A former player in the St. Louis Cardinals minor league system, who has come out of the closet to announce his homosexuality, claims he quit baseball because he overheard teammates approving the killing of gays.

One-time closeted gay player Tyler Dunnington told the gay sports site Outsports.com that he was driven to abandon his Major League Baseball dream in 2015 when he heard coaches and teammates disparaging and threatening gay people.

Dunnington, a Cardinals 28th round draft pick in 2014, told the website he was still closeted when he was playing for the St. Louis Triple A, Gulf Coast League team but felt his happiness was being hampered by the “homophobia” he was constantly exposed to in the dugout.

“I was also one of the unfortunate closeted gay athletes who experienced years of homophobia in the sport I loved,” Dunnington wrote. “I was able to take most of it with a grain of salt but towards the end of my career I could tell it was affecting my relationships with people, my performance, and my overall happiness.”

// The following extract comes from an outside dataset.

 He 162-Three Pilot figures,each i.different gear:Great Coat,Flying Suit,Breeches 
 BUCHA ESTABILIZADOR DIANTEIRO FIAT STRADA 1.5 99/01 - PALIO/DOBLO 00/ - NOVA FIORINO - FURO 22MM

“I experienced both coaches and players make remarks on killing gay people during my time in baseball, and each comment felt like a knife to my heart. I was miserable in a sport that used to give me life, and ultimately I decided I needed to hang up my cleats for my own sanity,” the former player added.

Dunnington apologized to the gay community for “not using the stage I had to help change the game.”

“Quitting isn’t the way to handle adversity,” the player concluded, “and I admire the other athletes acting as trailblazers.”

In a statement to the press, the St. Louis Cardinals said they are taking the charges seriously and are looking into the allegations.

“This is very disappointing and our hope is that every player, staff member and employee feels that they are treated equally and fairly,” Cardinals general manager John Mozeliak said in a statement released to ESPN. “Given the nature of these allegations, I will certainly look into this further.”

MLB’s “inclusion ambassador,” Billy Bean, said he met with Dunnington to discuss the player’s frustrations.

“Obviously, every professional athlete has heard some disparaging comments about the LGBT community, which is why this work is so challenging to try to change that,” said Bean, himself a former player that came out as gay after his MLB career. “The only way we can change that is by being strong examples for people. Until players are able to be 100 percent comfortable with who they are, we have to work harder and harder off the field.”

While many players over the years have come out as gay after they left professional baseball, Milwaukee Brewers minor leaguer David Denson became the first active player to come out and openly admit his sexual proclivities. And that only occurred this past August.